Ya no voy a regresar a lo que es la zona, aunque antes me tiraba… Si veo de nuevo todo esto, si vuelvo a pensar en ello, me pondré enferma y me moriré. Morirán mis fantasías.

¿Se acuerda de la película sobre la guerra Ve y mira[58]? No pude terminarla de ver, me desmayé. En ella mataban una vaca. Aparecía una pupila que ocupaba toda la pantalla. Una pupila… Cómo mataban a la gente; yo ya no lo miré. ¡No! ¡El arte es amor, estoy absolutamente convencida de ello!

No quiero encender la televisión ni leer los periódicos de ahora.
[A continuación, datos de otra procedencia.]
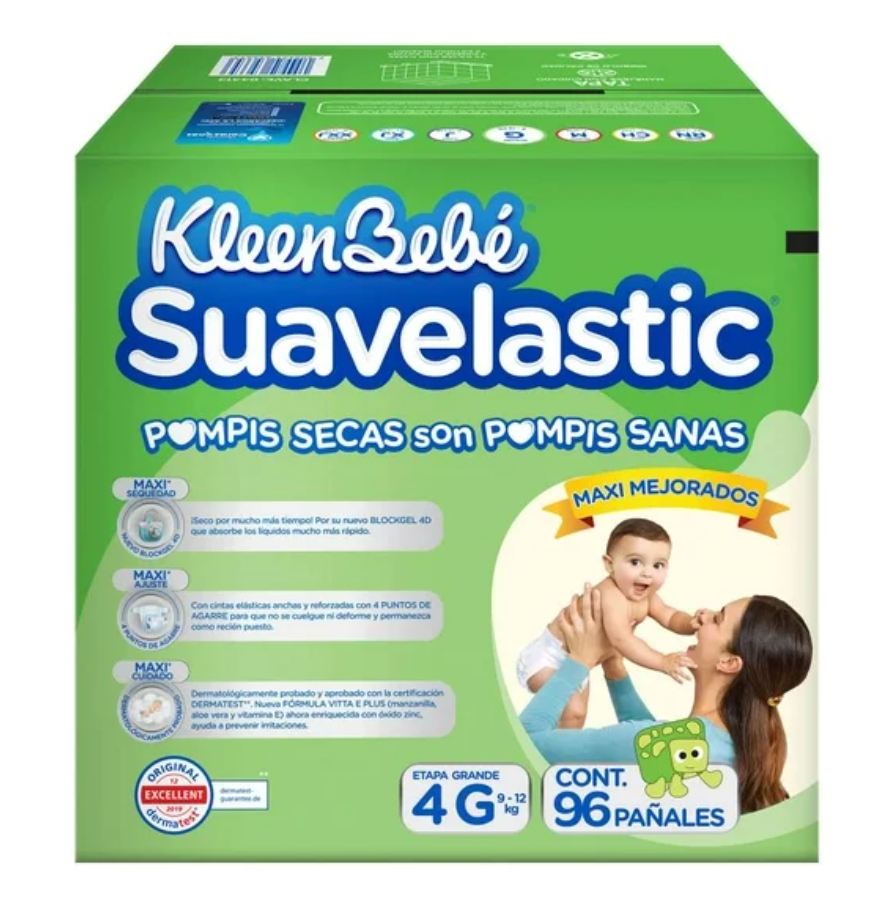 Pañales KLEENBEBE Suavelastic Grande 96 piezas - ZK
Matan y matan… En Chechenia, en Bosnia… En Afganistán… Pierdo la razón, se me echa a perder la vista. El horror… Se ha vuelto algo acostumbrado, hasta banal. Y nosotros hemos cambiado tanto que el horror que aparece en la pantalla hoy ha de ser más pavoroso que el de ayer. Si no, ya no da miedo. Nos hemos pasado de la raya.

Ayer iba en el trolebús. Esta es la escena: un chico no le cede el asiento a un viejo. Y el anciano le reconviene:

—Cuando seas mayor, tampoco a ti te cederán el asiento.

—Yo nunca seré viejo —replica el chaval.

—¿Por qué?

—Porque pronto moriremos todos.

No se habla de otra cosa que de la muerte. Los niños piensan en la muerte. Cuando es algo en lo que se piensa al final de la vida, no cuando esta comienza.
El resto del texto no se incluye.